As an Indigenous writer, I spend a lot of time hearing white people talk about me.

This past week it was about the right of other people to tell Indigenous stories.

It started with an article in The Writers’ Union of Canada’s magazine, which stirred up a quarterly debate: appropriation versus appreciation.

Hal Niedzviecki, the now-former editor of the mag, penned a piece saying he didn’t believe in the concept of cultural appropriation. Cue the anger, cue the backlash.

The TWUC issued an apology, and predictably, after Niedzviecki resigned, the scandal sheets came out in force.

The old white guard of Canadian journalism, including Jonathan Kay, who has now resigned from The Walrus, rallied against what they consider liberalism and identity politics run amok.

Whenever this happens, the lack of diversity in media is usually the root cause.

Critics of cultural appropriation remain wilfully ignorant of what it means.

As writer Ijeoma Oluo so eloquently puts it, “Cultural appropriation is the misuse of a group’s art and culture by someone with the power to redefine that art and, in the process, divorce it from the people who originally created it.”

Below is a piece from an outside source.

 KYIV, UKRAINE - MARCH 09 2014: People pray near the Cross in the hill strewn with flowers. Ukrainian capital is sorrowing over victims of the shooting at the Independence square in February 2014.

For example, when painter Amanda PL was alleged to have borrowed heavily from the Anishinabe painter Norval Morrisseau. Her Toronto exhibit was cancelled. When PL and other non-Indigenous artists take inspiration from Indigenous people they often erase the historical context of the art.

The first time I witnessed cultural appropriation it was a First Nations elder wearing a Métis scarf. To wear a Métis sash without respecting our unique identity from First Nations is to erase our culture — something that the government has already tried.

But when the appropriation conversation occurs in the snowdrift that is Canadian media, it becomes mostly white people scolding other white people.

Relying on mainstream media sources means most Canadians end up with a limited perspective on our diverse country — and on this very debate.

People who are unable to distinguish between First Nations, Métis and Inuit leap to the defence of our cultural heritage but they would be unable to tell you the differences between these groups.

For many it may seem like no big deal to be inspired by other cultures. If all things were equal that would be true.

Cultural appropriation wouldn’t exist in a world where people listened to one another. But we don’t live in that world.

Until Indigenous people reclaim the ability to relay our own experiences in media, there’s going to be backlash when someone else tries to tell the story.